In an otherwise lackluster re-election year, Congress is turning up the heat on America's favorite villains: managed-care companies.
In a flurry of headline-grabbing activity before the August recess, both Republicans and Democrats pushed healthcare reform bills that would expand patients' rights and rein in managed-care organizations.
The American Medical Association has been aggressively lobbying for passage of the Democratic Patients' Bill of Rights, and last month declared July 16 official "Patients' Bill of Rights Day." On the previous day, President Clinton visited the association's Washington offices to hear managed-care horror stories.
Both parties' reform proposals offer patients increased access to specialists and physicians outside HMO networks, and both eliminated gag clauses. But the Democratic Patients' Bill of Rights also would permit patients to sue HMOs for medical malpractice, whereas the Republican plan would not.

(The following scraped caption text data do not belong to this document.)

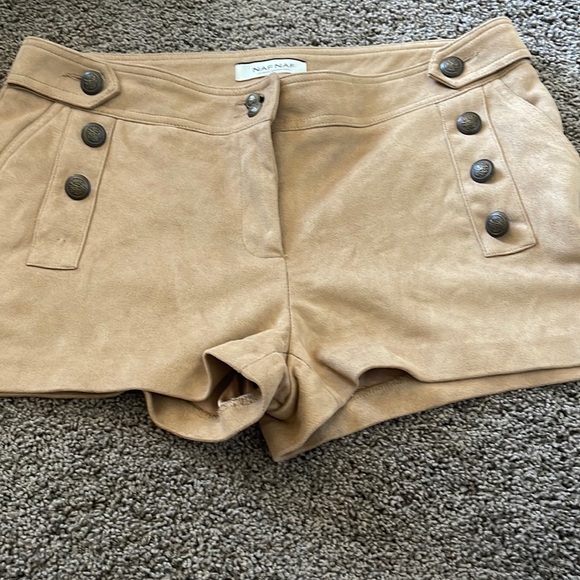 Tan suede shorts. Size 42 bought in Paris - Picture 2 of 2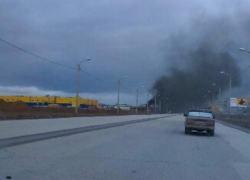 В Волжском в 28 микрорайоне горело строящееся здание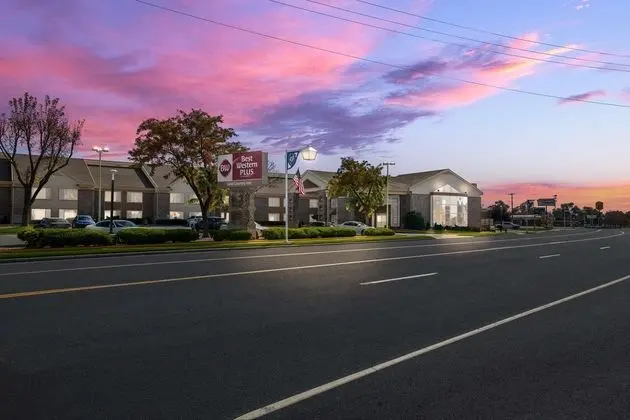 Best Western Plus Gold Country Inn - Dış Mekan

Currently, under the federal Employee Retirement Income Security Act of 1974, self-insured health plans are exempt from state regulation, including medical malpractice laws. Patients who want to challenge HMOs' denial-of-care decisions have no recourse other than internal complaint procedures. ERISA has come under attack in recent years from attorneys and consumer advocates who charge that the law was written before the advent of managed care and was not intended to shield health plans from legal action.

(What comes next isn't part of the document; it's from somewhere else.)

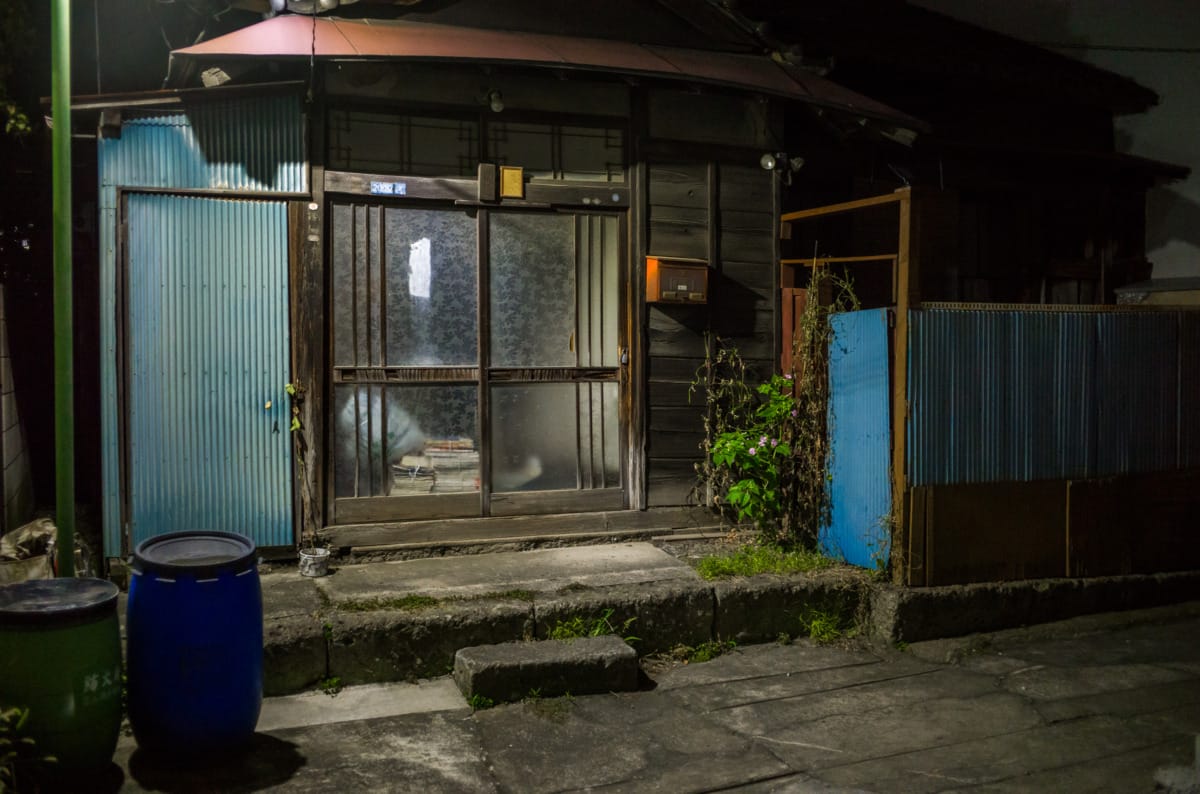 Quiet eastern Tokyo scenes after dark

A report last month by the General Accounting Office found "ERISA effectively limits the remedies available when employees of private-sector firms claim to have been harmed by plans' decision to deny coverage of a particular service."
Republicans say their plan would expedite the complaint and appeals process. It would give patients access to immediate decisions about what is covered and require plans to allow an independent doctor to decide on the medical necessity of requested services that had been turned down by internal review.
Not surprisingly, the American Association of Health Plans is opposed to legislation that would allow patients to sue HMOs. In response to the Democrats' plan, the AAHP released a statement declaring it would be an "expansion of an already flawed medical malpractice system (that) would lead to higher healthcare costs for consumers with no proven improvement in the quality of healthcare."
AMA Chairman Randolph Smoak, M.D., counters: "When a physician makes a decision, that physician is held strictly accountable. When a health plan makes a medical decision, it should be held just as accountable."